The Dark Lord was silent for a moment and then got to his feet, approaching her. She did not look up until he was sheer before her, and extended a hand. He lowered his hand on her head and she felt him caress her hair. As he did so, noise coming from the Dark side itself filled her ears and made her temporarily deaf. The Dark side enveloped her spirit and lifted it into nothingness; she felt as though she was being ripped apart by the force of this wave, but she was not afraid. She was dying – at last.
She opened her eyes to stare at familiar pair of feet and lifted her head, wondering where she was. The Dark side vibrated around her with such strength and force that the first thing she thought was that she indeed was dead at last, because she did not remember ever feeling so in tune with the Dark side. She was home.
"Open your eyes," said a familiar voice.
She looked up, jerking her head so hard it began to ache and the pain she felt triggered doubt within her – she could not feel pain if she was dead, could she?
"No, you are not dead," answered her Master. She knelt on, uncertain what to think of this, while he bent forward. "Give me your left hand," he said. She immediately extended it, not thinking. She felt him take it and then slip a ring on her ring finger. It was heavy and cold, but it was glowing from within; glowing, with the power of the Dark side. It was the same finger Tammutyen wore his new ring on, she remembered now and looked up. The Dark Lord nodded at her and waved a hand.
"Rise," he said softly, looking down at her with pride – she would never forget it. "Lady Tarralyanna of the Sith."
For a moment she hesitated, but then got to her feet, staring at him.
"You have passed your test, my apprentice," he said quietly, surveying her with his glance. "You have laid down your life before me and before the Dark side, and pledged your eternal allegiance to it.

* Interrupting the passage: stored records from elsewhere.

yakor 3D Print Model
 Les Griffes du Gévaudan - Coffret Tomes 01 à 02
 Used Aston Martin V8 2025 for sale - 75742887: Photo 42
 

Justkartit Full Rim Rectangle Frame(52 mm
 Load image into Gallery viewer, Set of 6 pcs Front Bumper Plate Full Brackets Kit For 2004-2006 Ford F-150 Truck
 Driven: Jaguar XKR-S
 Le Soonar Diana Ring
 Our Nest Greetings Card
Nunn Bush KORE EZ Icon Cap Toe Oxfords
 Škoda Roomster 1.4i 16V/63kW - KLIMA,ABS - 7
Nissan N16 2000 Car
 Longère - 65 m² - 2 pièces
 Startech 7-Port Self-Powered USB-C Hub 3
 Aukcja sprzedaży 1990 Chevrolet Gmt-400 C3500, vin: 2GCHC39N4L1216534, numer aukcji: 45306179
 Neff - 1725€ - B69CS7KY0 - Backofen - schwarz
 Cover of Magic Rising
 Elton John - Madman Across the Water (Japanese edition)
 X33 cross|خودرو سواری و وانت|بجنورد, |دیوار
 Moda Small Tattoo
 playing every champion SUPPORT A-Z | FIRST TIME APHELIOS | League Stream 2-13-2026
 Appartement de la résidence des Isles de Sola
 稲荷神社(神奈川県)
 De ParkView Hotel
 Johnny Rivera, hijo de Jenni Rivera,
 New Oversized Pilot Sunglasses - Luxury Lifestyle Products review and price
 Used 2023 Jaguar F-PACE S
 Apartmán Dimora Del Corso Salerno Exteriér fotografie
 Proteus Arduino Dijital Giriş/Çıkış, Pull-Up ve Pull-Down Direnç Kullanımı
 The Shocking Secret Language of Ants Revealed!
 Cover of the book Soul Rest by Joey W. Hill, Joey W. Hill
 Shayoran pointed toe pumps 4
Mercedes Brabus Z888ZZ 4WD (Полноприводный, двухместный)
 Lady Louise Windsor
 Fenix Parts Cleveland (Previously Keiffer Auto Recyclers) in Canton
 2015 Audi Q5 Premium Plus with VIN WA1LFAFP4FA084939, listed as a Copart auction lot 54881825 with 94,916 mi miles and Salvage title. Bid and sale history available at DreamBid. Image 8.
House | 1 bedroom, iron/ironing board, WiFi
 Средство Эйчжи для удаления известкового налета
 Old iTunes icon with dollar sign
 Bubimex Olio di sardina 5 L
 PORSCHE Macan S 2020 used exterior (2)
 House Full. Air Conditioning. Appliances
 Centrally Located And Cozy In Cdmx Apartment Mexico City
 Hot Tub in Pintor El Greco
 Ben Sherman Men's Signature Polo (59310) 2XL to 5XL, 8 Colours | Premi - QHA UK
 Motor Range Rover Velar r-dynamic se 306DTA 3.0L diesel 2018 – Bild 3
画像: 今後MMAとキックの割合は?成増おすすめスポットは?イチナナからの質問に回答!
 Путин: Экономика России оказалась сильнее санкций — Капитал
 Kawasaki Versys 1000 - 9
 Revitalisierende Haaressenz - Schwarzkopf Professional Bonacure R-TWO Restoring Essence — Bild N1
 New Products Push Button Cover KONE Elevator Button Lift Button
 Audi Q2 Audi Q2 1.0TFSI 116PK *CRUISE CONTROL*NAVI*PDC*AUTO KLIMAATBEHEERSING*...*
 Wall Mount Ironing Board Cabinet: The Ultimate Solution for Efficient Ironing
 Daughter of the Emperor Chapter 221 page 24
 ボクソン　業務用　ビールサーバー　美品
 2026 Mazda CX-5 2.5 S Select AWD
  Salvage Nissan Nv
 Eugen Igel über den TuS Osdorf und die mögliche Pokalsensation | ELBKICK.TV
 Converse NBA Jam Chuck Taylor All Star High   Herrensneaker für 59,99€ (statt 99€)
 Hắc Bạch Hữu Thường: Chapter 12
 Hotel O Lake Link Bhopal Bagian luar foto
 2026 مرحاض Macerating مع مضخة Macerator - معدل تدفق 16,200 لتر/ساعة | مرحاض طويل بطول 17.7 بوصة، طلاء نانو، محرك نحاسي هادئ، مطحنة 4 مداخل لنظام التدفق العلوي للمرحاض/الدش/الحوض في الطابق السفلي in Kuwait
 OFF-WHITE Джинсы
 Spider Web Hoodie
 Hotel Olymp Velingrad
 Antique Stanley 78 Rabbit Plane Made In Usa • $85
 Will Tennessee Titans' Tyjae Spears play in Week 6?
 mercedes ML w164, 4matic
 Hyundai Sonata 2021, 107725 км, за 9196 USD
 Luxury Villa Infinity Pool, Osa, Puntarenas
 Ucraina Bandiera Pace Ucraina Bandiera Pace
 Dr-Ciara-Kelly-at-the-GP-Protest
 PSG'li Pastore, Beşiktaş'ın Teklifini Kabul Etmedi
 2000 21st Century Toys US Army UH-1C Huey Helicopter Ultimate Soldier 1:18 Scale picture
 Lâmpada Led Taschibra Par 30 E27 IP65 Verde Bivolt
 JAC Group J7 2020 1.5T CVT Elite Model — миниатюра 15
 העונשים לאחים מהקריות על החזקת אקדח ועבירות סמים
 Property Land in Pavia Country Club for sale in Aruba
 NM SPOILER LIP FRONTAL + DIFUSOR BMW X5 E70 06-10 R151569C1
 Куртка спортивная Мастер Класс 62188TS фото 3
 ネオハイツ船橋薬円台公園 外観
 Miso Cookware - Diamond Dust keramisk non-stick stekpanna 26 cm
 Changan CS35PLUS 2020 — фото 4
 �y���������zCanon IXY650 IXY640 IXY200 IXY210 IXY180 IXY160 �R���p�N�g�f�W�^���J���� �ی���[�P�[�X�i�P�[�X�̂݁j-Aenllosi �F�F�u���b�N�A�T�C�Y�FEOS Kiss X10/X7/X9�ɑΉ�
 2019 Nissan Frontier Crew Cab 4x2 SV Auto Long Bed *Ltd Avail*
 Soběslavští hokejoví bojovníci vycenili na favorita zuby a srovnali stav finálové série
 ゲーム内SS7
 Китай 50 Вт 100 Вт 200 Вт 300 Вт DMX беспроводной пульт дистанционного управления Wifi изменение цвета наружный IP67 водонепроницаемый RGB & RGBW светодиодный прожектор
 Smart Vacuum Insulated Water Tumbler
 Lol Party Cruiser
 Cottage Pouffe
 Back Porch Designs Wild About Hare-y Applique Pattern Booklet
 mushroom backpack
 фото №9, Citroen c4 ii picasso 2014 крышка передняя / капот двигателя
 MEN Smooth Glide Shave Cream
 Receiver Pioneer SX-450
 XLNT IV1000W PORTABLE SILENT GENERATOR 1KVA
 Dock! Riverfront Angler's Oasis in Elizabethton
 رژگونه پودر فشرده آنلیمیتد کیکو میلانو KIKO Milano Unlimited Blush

You have conquered your last fear – the fear of death and now nothing can stand in your way."
She stared at him, still unable to process his words.
"Then… I am not dead?" she whispered. "But the snake, it…"
"Do you seriously believe that the Dark side is not powerful enough to save its servant from death?" he asked, laughing a little. "The poison is gone from you; the Dark side accepted your offering and gave you power in return."
"My Master," she whispered, her chest heaving up and down as the meaning of these words finally reached her blunt mind. "I do not know what to say!"
"I know what I am going to say, though," he said softly. "I am proud of you, Tarralyanna. You have outdone my expectations. Your brother might have been knighted before you, but you have shown courage and endurance rarely seen. You may have suffered a long period of incongruence, but you broke out of it, and now you can reap all of the fruits of your long, hard work."
"You have suffered a lot," said the Dark Lord quietly. "But in pain you have been born anew; in death you have found life; and flesh is but a shell for you now."
He tapped her on the shoulder and distanced himself away from her. Tarralyanna – or better, Lady Tarralyanna – could not stop grinning as she stared at his back.
"I want you to go to your chambers and think about your experience," he said, walking back to his throne, his black cloak brushing gently against the polished floor. "About everything that happened in the past two weeks. And then, I want you to write an Oath. It shall be an Oath to the Dark side, to me, expressing your views on yourself as you are now and a summary of your experience, what you had been through. You will come here, tomorrow at the fall of the Luth sun, and hand it over to me."
"Yes, my Master," she said, knowing that she was supposed to be feeling insanely happy, having just made it through the ceremony of the Coming, but surprisingly, she did not feel madly happy. She was just – pleased.
"Your brother shall be warned not to trouble you," he said, picking something up from a table beside the throne – it was some sort of an amulet, she noted. "As it is important that you do it on your own."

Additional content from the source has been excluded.